I’d like to edit the addresses of strings such as this example:
test = c("[Mavlyanova, Nadira G.] Uzbek Acad Sci, GA Mavlyanov Inst Seismol, Tashkent 700135, Uzbekistan; [Markovic, Slobodan B.] Univ Novi Sad, Fac Sci, Chair Phys Geog, Novi Sad 21000, Serbia; [Rowell, G.] Univ Adelaide, Sch Chem & Phys, Adelaide, SA 5005, Australia; [Katarzynski, K.] Nicholas Copernicus Univ, Torun Ctr Astron, PL-87100 Torun, Poland; [Ansari, Z.; Boettcher, M.; Manschwetus, B.; Rottke, H.; Sandner, W.] Max Born Inst, D-12489 Berlin, Germany; [Milosevic, D. B.] Univ Sarajevo, Fac Sci, Sarajevo 71000, Bosnia & Herceg")
I’d like to get only the country names. This is what I tried so far:
> testa <- gsub("\\[.*?\\] ", "", test) #remove square brackets
> testa <- strsplit(testa, ";", fixed = TRUE) #split adresses
> testa <- sapply(testa, function(x) gsub("^.*, ([A-Za-z ]*)$", "\\1", x)) #keep only what's after last comma
> testa <- gsub("^ | $", "", testa) #remove spaces
> testa
[,1]
[1,] "Uzbekistan"
[2,] "Serbia"
[3,] "Australia"
[4,] "Poland"
[5,] "Germany"
[6,] "Univ Sarajevo, Fac Sci, Sarajevo 71000, Bosnia & Herceg"
So this doesn’t work for the last address, unfortunately. I’d like to get the following output instead:
> testa
[,1]
[1,] "Uzbekistan"
[2,] "Serbia"
[3,] "Australia"
[4,] "Poland"
[5,] "Germany"
[6,] "Bosnia & Herceg"
My questions are:
- What’s the error in my sapply-function which prevents it from correctly working with the last address as well?
- How can I improve it in order to achieve the correct output?
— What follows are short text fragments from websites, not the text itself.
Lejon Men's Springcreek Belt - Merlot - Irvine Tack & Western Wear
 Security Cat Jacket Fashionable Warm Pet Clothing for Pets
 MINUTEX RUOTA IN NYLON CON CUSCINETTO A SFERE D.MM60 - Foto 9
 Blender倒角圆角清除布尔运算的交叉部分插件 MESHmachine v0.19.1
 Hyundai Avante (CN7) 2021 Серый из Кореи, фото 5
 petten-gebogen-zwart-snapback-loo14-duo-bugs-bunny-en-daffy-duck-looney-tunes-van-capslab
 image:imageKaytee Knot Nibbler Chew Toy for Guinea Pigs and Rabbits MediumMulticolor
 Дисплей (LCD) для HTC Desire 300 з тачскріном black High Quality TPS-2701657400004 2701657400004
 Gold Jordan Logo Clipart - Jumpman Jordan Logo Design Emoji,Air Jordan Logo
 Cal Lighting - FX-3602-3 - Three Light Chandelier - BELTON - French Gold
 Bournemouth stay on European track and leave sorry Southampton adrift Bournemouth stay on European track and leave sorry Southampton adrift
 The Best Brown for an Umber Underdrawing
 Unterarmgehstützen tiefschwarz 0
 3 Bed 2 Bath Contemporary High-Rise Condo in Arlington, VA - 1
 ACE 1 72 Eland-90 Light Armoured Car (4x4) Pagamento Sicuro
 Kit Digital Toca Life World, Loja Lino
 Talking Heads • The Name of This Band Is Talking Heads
The problem with your code is that the “everything after the last comma” part of your code uses
[A-Za-z ]as the only valid characters after that. This set does not include&, hence the replacement isn’t performed on the last address. Perhaps you should use[^,]to denote “Anything but a comma” instead.